• [Task instructions] Transcribe all data verbatim. Skip the pictures.

• [Material provided]
-----

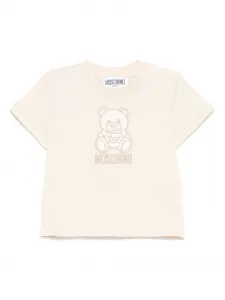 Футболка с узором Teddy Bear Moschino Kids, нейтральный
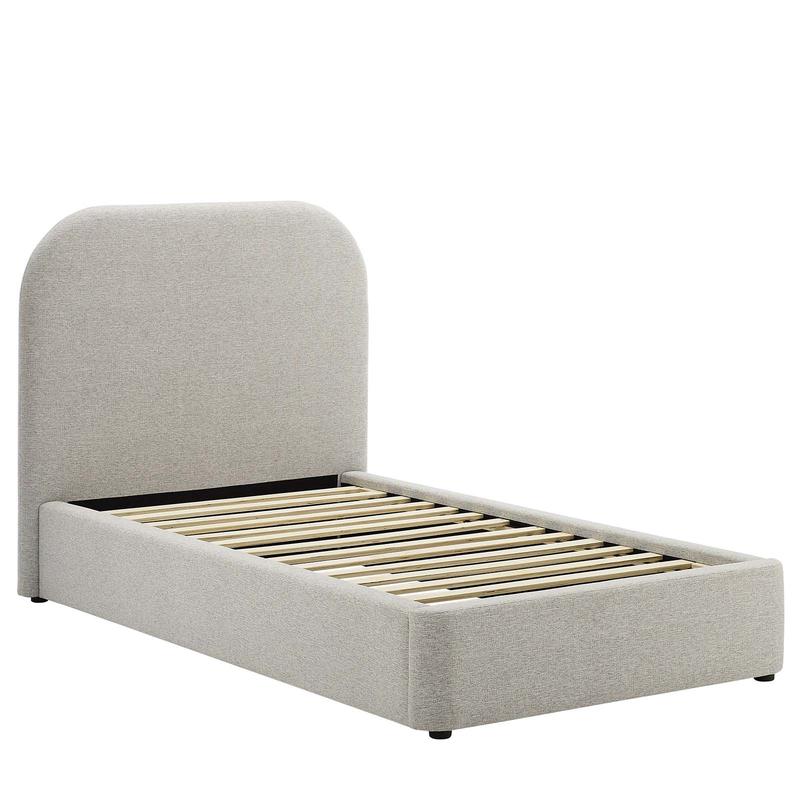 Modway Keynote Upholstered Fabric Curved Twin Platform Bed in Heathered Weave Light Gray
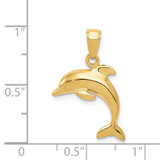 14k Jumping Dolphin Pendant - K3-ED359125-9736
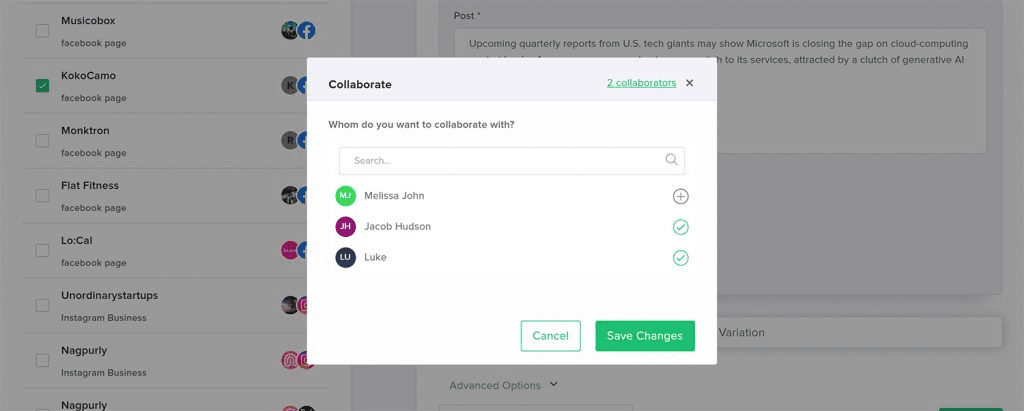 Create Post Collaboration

-----

• [Result for this exercise]
 Футболка с узором Teddy Bear Moschino Kids, нейтральный
 Modway Keynote Upholstered Fabric Curved Twin Platform Bed in Heathered Weave Light Gray
 14k Jumping Dolphin Pendant - K3-ED359125-9736
 Create Post Collaboration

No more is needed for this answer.